The Early Word: Approved

Today’s Times

  • The Senate Judiciary Committee approved a broad overhaul of the nation’s immigration laws on Tuesday, sending the legislation to the full Senate, where the fight is expected to last through June, Ashley Parker and Julia Preston report. After intense negotiations, the eight senators finally reached a compromise on one of the major sticking points: raising the cap for high-skilled foreign workers who could fill jobs in the high-tech industry.
  • Though political leaders from both parties expressed sympathy for the victims of Oklahoma’s killer tornado, it took only hours for Washington to face off over how the cost of devastation would be paid, Peter Baker and Jeremy W. Peters report. The debate is hypothetical, as the government already has $11.6 billion available in a disaster relief fund, but it underscored the fact that even national tragedy does not always bring the capital together.
  • A year ago, when the current Internal Revenue Service scandal first emerged - and could have threatened President Obama’s chances for re-election - the White House apparently shrugged, Michael D. Shear reports. For an administration typically equipped with well-honed political radar designed to sniff out and derail conservative conspiracy theories about Mr.
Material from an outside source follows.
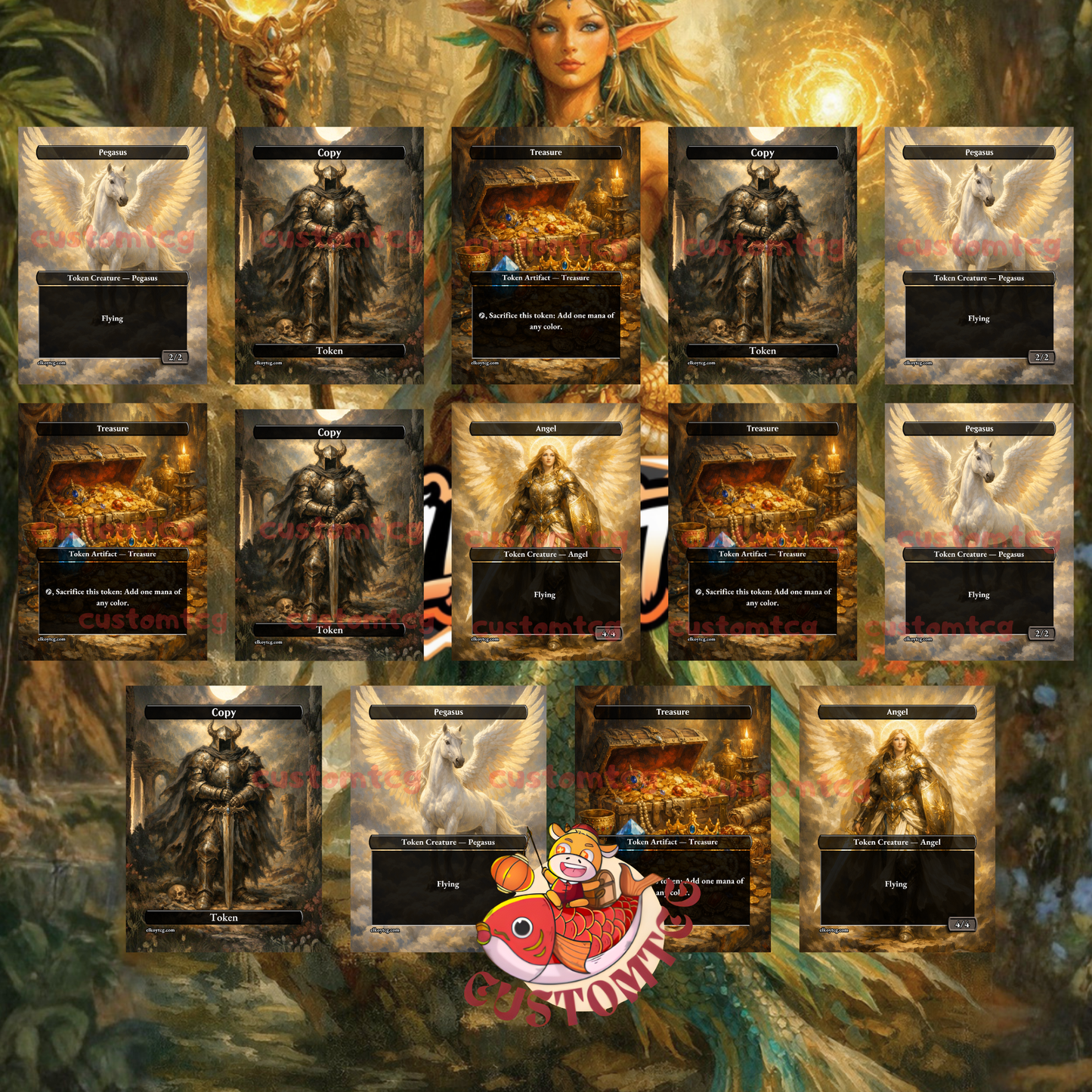 Tuvasa the Sunlit Custom Deck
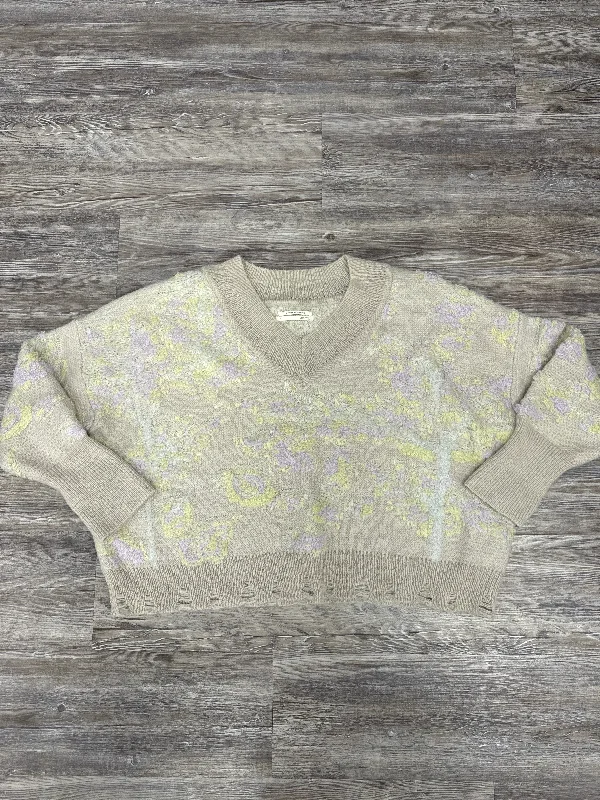 Flash Sale Sweater By Anthropologie In Green & Tan, Size: S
Obama, the potentially damaging events at the I.R.S. seemed to pass with little notice.

Around the Web

  • “Even while members of Congress were preaching fiscal restraint and warning of fiscal cliffs and sequestration cuts, more than one-third of the United States House of Representatives was traveling the globe to often-exotic locations at taxpayers expense, with limited explanations for the trips,” The Sarasota Herald Tribune reports.

Happenings in Washington

  • After Tuesday’s celebration of Carole King at the Library of Congress, the president and first lady will host a concert in the East Room of the White House also honoring the singer-songwriter, who will win the 2013 Gershwin Prize for Popular Song for “You’ve Got a Friend.”